What about Venezuela? "It’s tragic. Venezuela’s only positive is that it shows the rest of the region where not to go." Argentina is one sign of this hopeful change. "Peronism is on its back heels." But how about his native Peru, where Pedro Pablo Kuczynski, or PPK, resigned from the presidency in March amid corruption allegations? "PPK’s ending was sad... Still, Peruvian democracy remains alive. The vice-president has stepped up, legitimately. A corrupt democracy is better than a non-corrupt dictatorship — it leaves such a legacy of poison."
LEFTIST LEANINGS
Vargas Llosa was not always such a committed liberal. He had a youthful enthusiasm for the Cuban revolution but broke with Havana in the early 1970s. "I felt like a defrocked priest — liberated but lost. Until I moved to London." There, during the Margaret Thatcher years, he re-forged his political compass, reading deeply Adam Smith, Friedrich Hayek and Isaiah Berlin. Such classic liberalism, even among fans of his fiction, often jars in a part of the world where leftist views are still taken as a badge of intellectual honour. Yet nor is he quite a standard-bearer for the conservative right. His controversial endorsement of Ollanta Humala almost certainly swung Peru’s 2011 election towards the leftist leader and against Keiko Fujimori, daughter of his arch-enemy. He also supports Colombia’s peace process with Marxist guerrillas.

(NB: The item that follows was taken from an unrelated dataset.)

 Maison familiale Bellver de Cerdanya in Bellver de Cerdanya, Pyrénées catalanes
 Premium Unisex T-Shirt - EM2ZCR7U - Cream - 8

The theme of drug-fuelled violence and how to best confront it brings us to Mexico, which faces an existential presidential election on July 1. Andrés Manuel López Obrador, an old-fashioned nationalist and self-regarding patriarch of the type that Vargas Llosa loathes, is leading the polls. Running against him is the long-ruling Institutional Revolutionary party (PRI), which Vargas Llosa famously described as "the perfect dictatorship". Which, I ask, would he vote for?
"Mexico’s terrible violence and corruption are due to lingering toxins from the PRI," he says, weighing the lesser evil. "But, holding my nose, I think I would vote for its candidate. López Obrador represents a terrible step backwards." He slaps his forehead. "I can’t believe I said that. Me, choose the PRI! Of course, there is also a third choice, [the centre-right candidate] Ricardo Anaya. He’s young and smart."

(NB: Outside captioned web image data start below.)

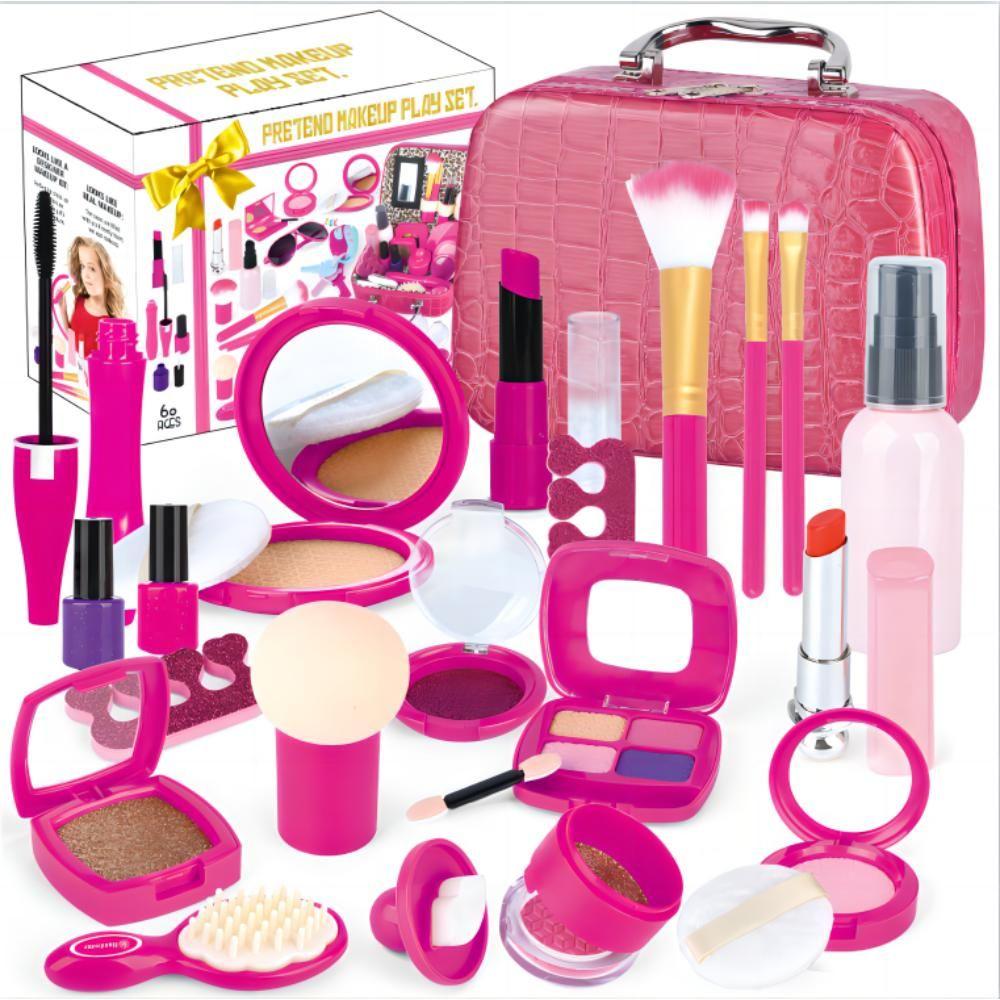 Pretend Cosmetic Playset (St107-2)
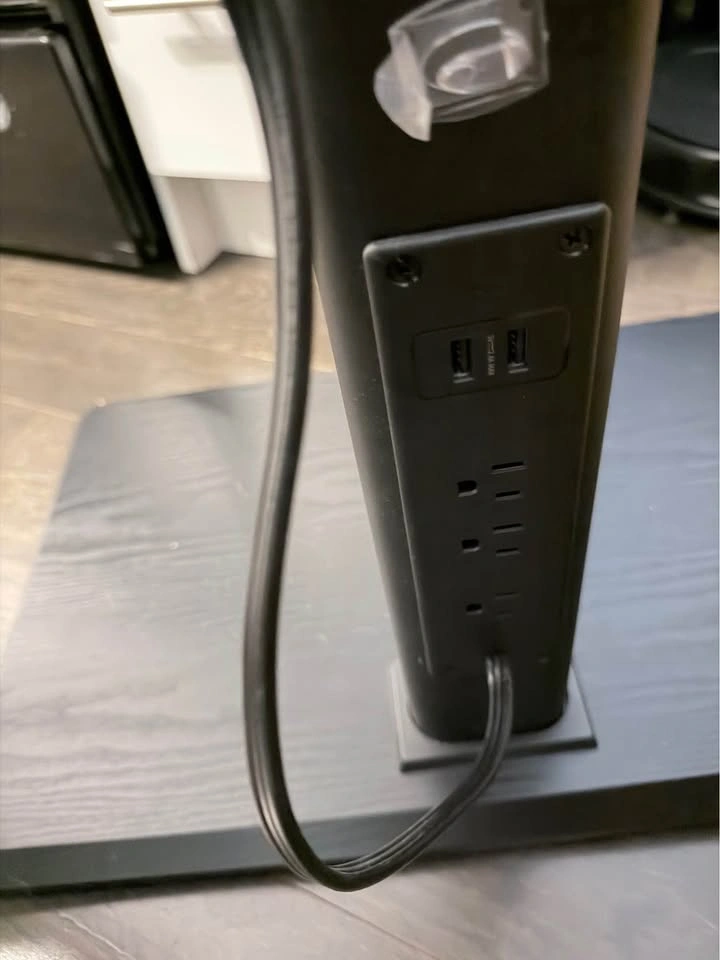 Universal TV Stand Legs for 32-70 inch TVs - photo 3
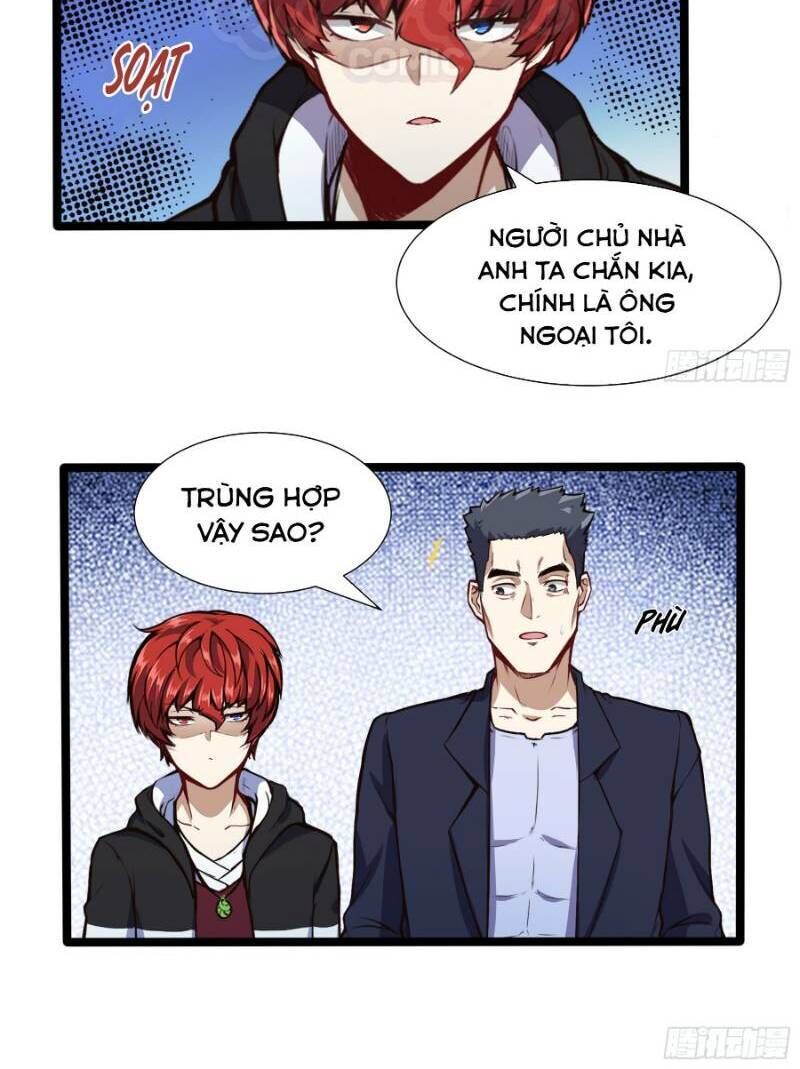 Đô Thị Âm Dương Tiên Y Chapter 72 - 15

Whereupon the conversation segues north to the US border and Trump. He suggests we change the subject and, happily, our steak arrives. I offer to take the bone, blackened from a good charring, leaving the tender filet to my guest. It is delicious: Spanish meat, slow-cooked over a live fire, for some reason does not enjoy the same reputation as Argentine, Brazilian or US beef. I also refill our wine glasses; the house Rioja really is very good. The conversation settles into an easy flow as we turn to literature.
He tells me, encouragingly, that he still finds writing difficult and that his first drafts always leave him feeling inadequate. "Even your newspaper columns?" I ask. Vargas Llosa’s first job was as a 15-year-old cub reporter covering Lima’s gruesome crime beat for El Comercio, and he has written a regular column for El País, the Spanish newspaper, for more than 20 years. "Yes, even those. But I like journalism. It is what I have always done. It allows you to meet other tribes, which was especially important for me in the small middle-class world of my Lima youth."
The maître d’ suddenly re-appears, looking agitated. "Don Mario, sorry to interrupt. The two Colombian ladies sitting over there insisted I deliver a message. They want you to know how much they enjoy your books." He thanks her for the compliment and nods at their table, four down from ours. The courtesy of his manners, like his discipline for work, is well-known: Hugh Thomas, the Hispanist, once told me that Vargas Llosa was "the most charming" of the Boom generation of Latin American writers.